A dilemma for Clinton fight GOP or scale back

November 10, 1994|By JACK GERMOND & JULES WITCOVER

WASHINGTON -- For all of President Clinton's efforts to make the best of the midterm election disaster that has hit him and his Democratic Party, he is faced now not only with the problem of salvaging any substantial semblance of his legislative agenda but also with the task of reviving his personal political prospects for re-election in 1996.

Clinton's talk of cooperation with the first Republican-controlled Congress in four decades reflects more hope than an appreciation of the political reality.

The GOP, coming in out of the wilderness after so long, is already gearing up to press its own agenda on a beleaguered president of the opposition party.

He obviously must scale back his ambitious health care reform plans of this year to the features that most congressional Republicans have already said they will buy, most notably portability of insurance coverage and coverage for pre-existing conditions.

But the notion of universal coverage as he first introduced it is out the window, as are his most ambitious proposals for welfare reform.

The Republicans, having made specific pledges in their "Contract With America" to bring to a speedy vote long-stymied proposals of their own, including a balanced-budget constitutional amendment, the line-item veto and term limits, can be counted on to fulfill those pledges or jeopardize the credibility with the voters they won on Tuesday.

This prospect will confront the president with the need to decide whether after two years of never using his legislative veto power to invoke it -- at the risk of incurring the same charges of obstructionism he laid on the Republicans this fall. Those charges didn't stem the GOP election tide, but used against him by Republicans so overwhelmingly elected by voters fed up with gridlock, they could dig an even deeper political hole for him.

Clinton's problems are not merely the presence of a Republican congressional majority, either. His own party has a serious dichotomy between old liberals who see him as too accommodating to conservatives and conservatives who paint him as a liberal.

His efforts to cast himself as a middle-road "New Democrat" have foundered, and any further move to the right to assuage the newly powerful Republicans will alienate even more the liberals who remain an important base in the party.

Just as Southern and other conservative Democrats fell in with Re- publicans to form the "boll weevil" coalition that gave President Ronald Reagan his earliest legislative victories in 1981, they can be counted on to do the same over the next two years in opposition to their own president unless he adopts a more modest domestic agenda.

The president's weakness in the South and West is partly but not entirely personal. Both regions are becoming increasingly identified with the Republican Party, as clearly demonstrated in the midterm results, imperiling his re-election chances.

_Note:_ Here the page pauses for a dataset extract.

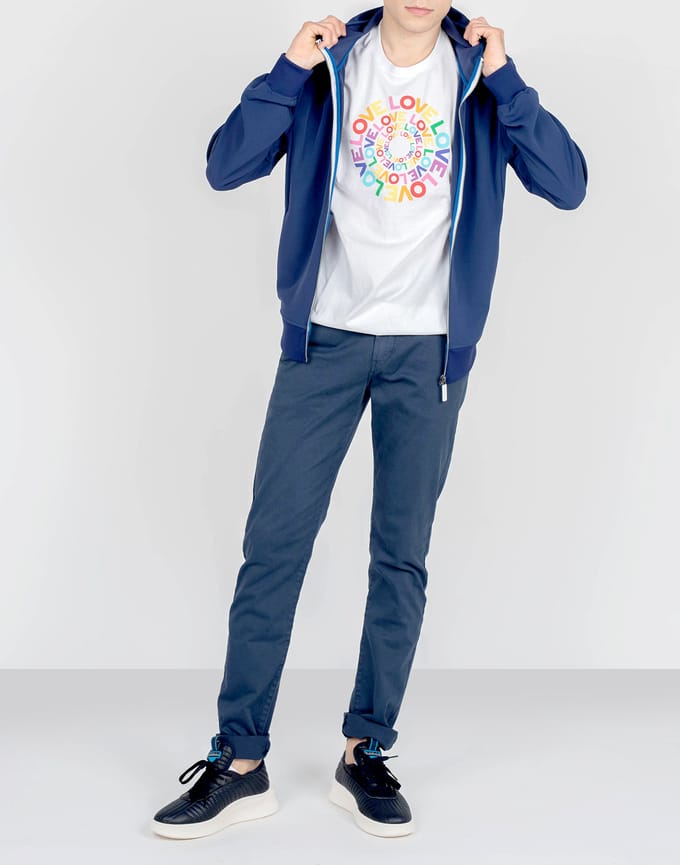 Invicta blouse Full-Zip Mannen blauw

It is clear from all this that a major overhaul of the Democratic Party is needed if it is to retain the White House in 1996, behind Clinton or someone else.

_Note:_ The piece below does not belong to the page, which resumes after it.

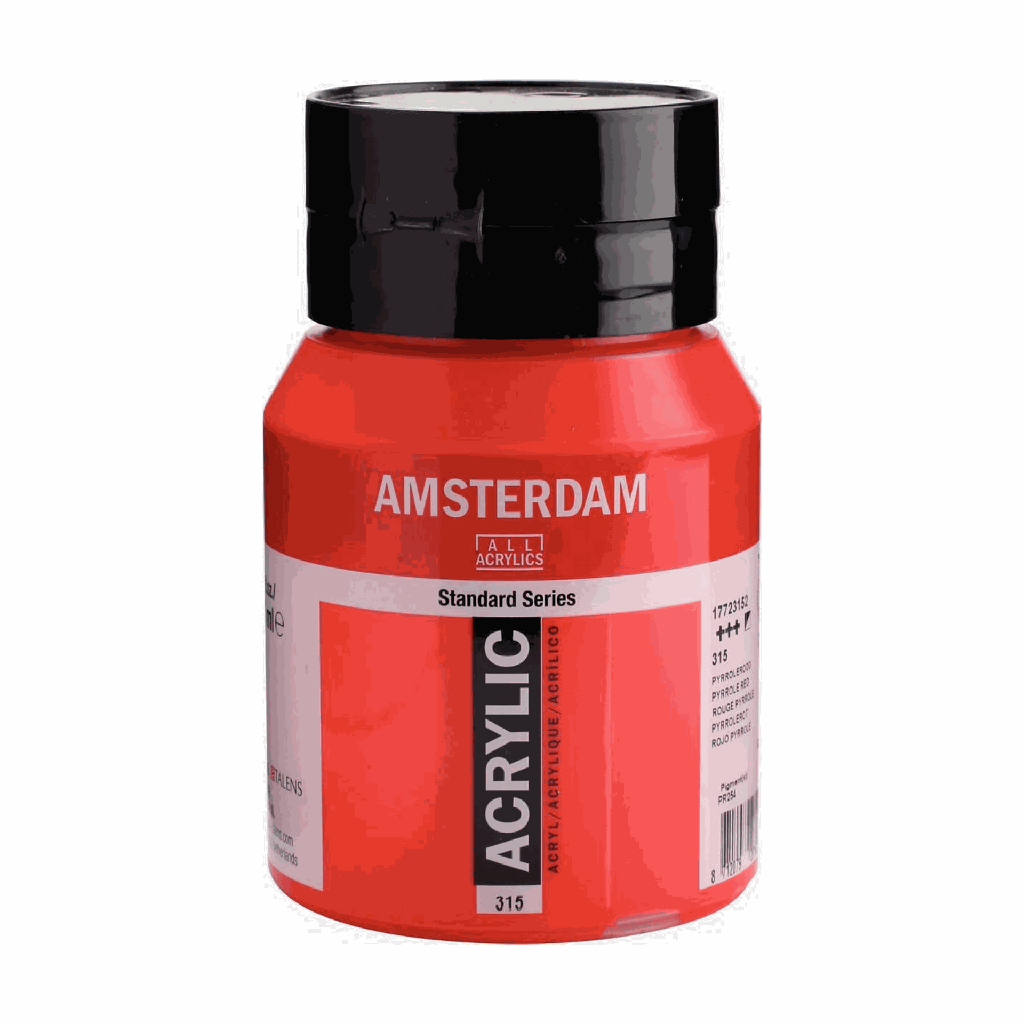 Amsterdam Standard Acrylic 500ML PYRROLE RED **ND**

Its image as the promoter of activist government, even in the "New Democratic" trappings of Bill Clinton, has been emphatically rejected by the voters.

He got little or no credit for the country's economic recovery or much of anything else in an election that was much more anti-Democratic and anti-Clinton than anti-incumbent, since all Republican incumbents in the House and Senate survived.

Only two years ago, Clinton and the Democrats were joyously driving what they thought was the last nail in the coffin of Reaganism, in their defeat of George Bush.

Now, the basic conservative approach of less government, less taxes, more defense spending and somehow a balanced budget has been resurrected, and it is Clinton and the Democratic Party who are hearing the political last rites pronounced over them.

For the president and his party, it is an unpromising dilemma -- to trim their sails in the hope of bipartisanship with an opposition that now holds the high cards, or to dig in and buck that opposition, with the hope that voters who have already repudiated Clinton and the Democrats will somehow regain their faith in the activist government they represent.